Bio-energy & NEP implementation — The Department of Alternative Energy and Efficiency (DEDE) mandates which looks at specific targets such as biofuel blending. This creates opportunities for feed stock aggregation and waste-to-energy projects. This is important for investors and hospitality energy planning.
Enforcement & customs actions on illegal imports — We can now watch public lists of seizures as well as for prosecutions and port enforcement changes. These indicate the regulators’ priorities and reveal potential subjects for fraud.

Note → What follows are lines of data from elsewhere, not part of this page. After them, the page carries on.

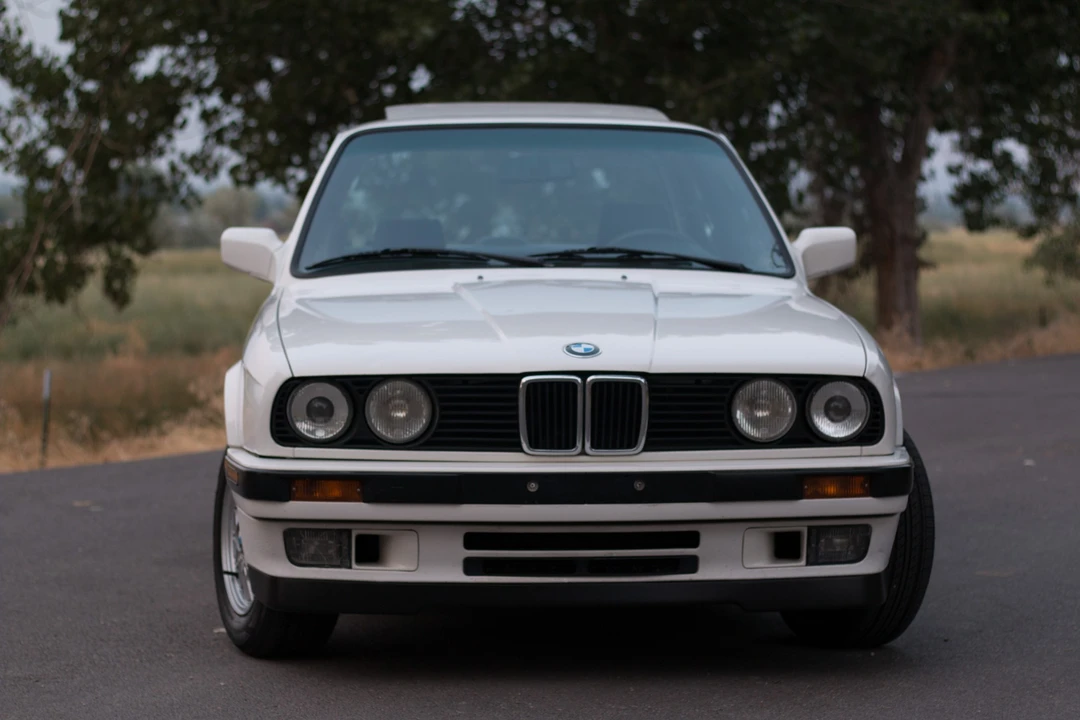 1989 BMW E30 3 Series - Image 16 of 31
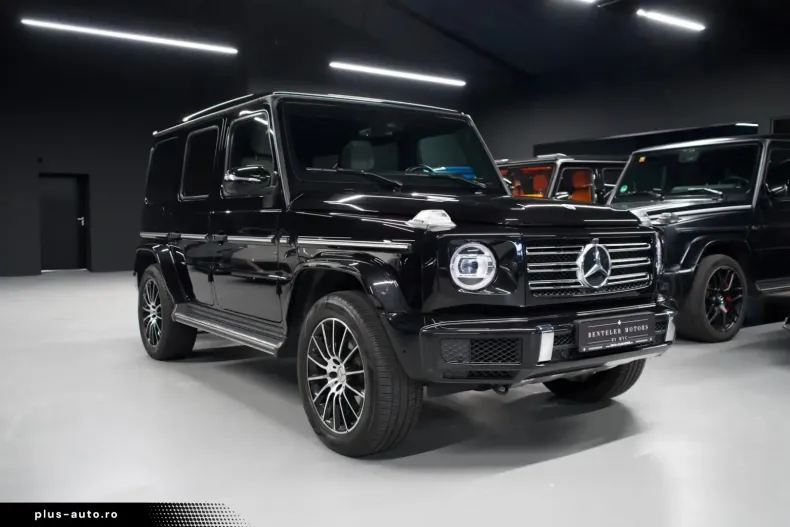 Mercedes-Benz G 400 din 2023 cu 42.600 km - oferta MER160973 - foto 1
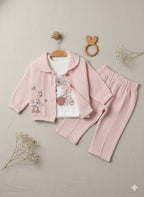 Willow Muslin Set
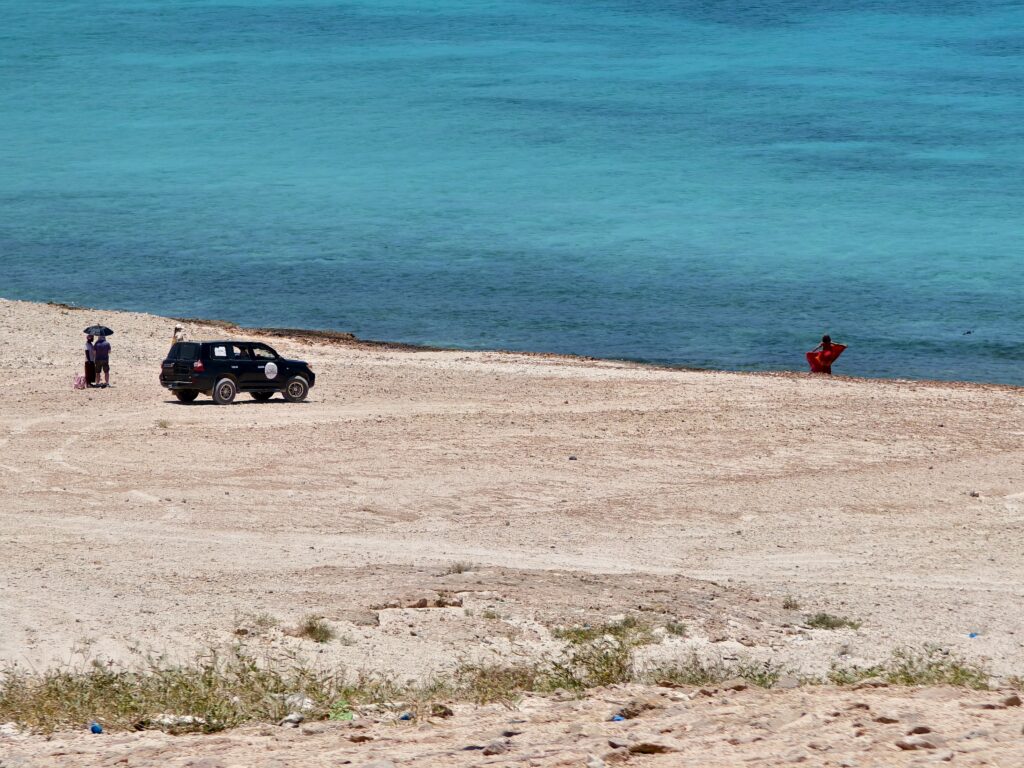 travpholer socotra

Recent large seizures are a clear indicator of issues.
5. Implementation challenges & likely market effects
Regulatory complexity and fragmentation: With the law being fragmented you have multiple draft bills. So you have to track the PCD, DIW, Ministry of Commerce, Customs and local municipalities simultaneously. This will increase compliance costs and creates room for inconsistency in enforcement as well as market consolidation. These are all part of the Environmental Regulation in Thailand.
Market consolidation: The smaller recyclers in Thailand as well as small-scale importers. They will struggle with stricter standards with regards to traceability, as well as GACP-style certification for feed stocks. In the end you will create market consolidation as the fees and compliance will be to expense for the small players.
Informal & illegal markets: With the more tighter bans in Thailand. This can push some flows underground. This is normally dues to document falsification as well as the mis-declaration. That raises the need for customs anti-fraud capabilities and cross-border cooperation.
Innovation & investment: The regulatory pressure it is hoped will encourage larger corporate players to investment in alternatives. These can be the use of bio-plastics, or compostables and refill systems. Likewise better waste-to-energy projects. This is an overview of Environmental Regulation in Thailand.